Question

(a) Find the equation of the plane passing through the points (2,1,0), (5,0,1) and (4,1,1).

Answer 1

vectors between the points should lie in the plane; find two such vectors and their cross product will give you a plane normal.

Answer 2

How ?

Answer 3

find the gradient between two points and pick a point and sub into y-y1=m(x-x1)?

Answer 4

I got 3a-b+c=0 is it correct ??

Answer 5

which point did you choose to find the gradient and which point did you choose for the equation?

Answer 6

(2,1,0) as point

Answer 7

you need two points to find the gradient. remember y2-y1 divided by x2-x1?

Answer 8

oh ok i see now. dont do what i just told you. Sorry i read the question wrong eep!

Answer 9

(a) Find the equation of the plane passing through the points P(2,1,0), Q(5,0,1) and R(4,1,1).
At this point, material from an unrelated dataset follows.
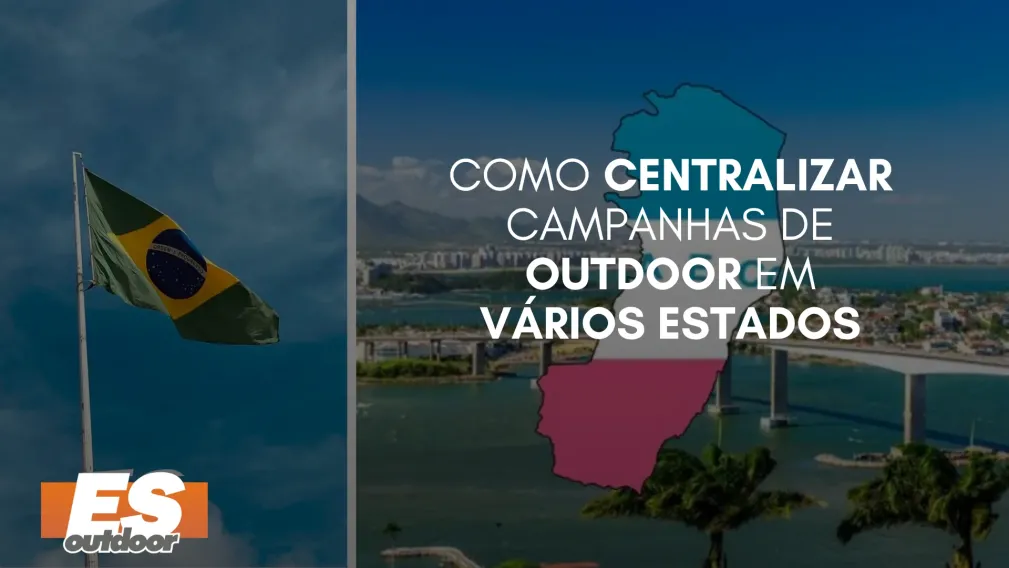 Como Centralizar Campanhas de Outdoor em V&aacute;rios Estados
consider: \(\vec{PR}=(2,0,1),\vec{PQ}=(3,-1,1)\) lie in the plane and their cross-product gives us a normal:$$\vec{PR}\times\vec{PQ}=(1,-1,-2)$$any vector lying in the plane should be orthogonal to our normal vector:$$\vec{X}\cdot(\vec{PR}\times\vec{PQ})=0$$to get a vector lying in the plane from a position vector \(\vec{x}\) we take its difference with a position vector pointing to any point in our plane e.g. \(\vec{P}\):$$(\vec{x}-\vec{P})\cdot(\vec{PR}\times\vec{PQ})=0\\((x,y,z)-(2,1,0))\cdot(1,-1,-2)=0\\(x-2,y-1,z)\cdot(1,-1,-2)=0\\(x-2)-(y-1)-2z=0\\x-y-2z-2+1=0\\x-y-2z-1=0$$

Answer 10

wait, it appears I made some dumb error... probably while computing my normal vector. it should be:$$\vec{PR}\times\vec{PQ}=(1,1,-2)$$hence:$$(x-2,y-1,z)\cdot(1,1-2)=0\\(x-2)+(y-1)-2z=0\\x+y-2z-3=0$$

Answer 11

Thanks @oldrin.bataku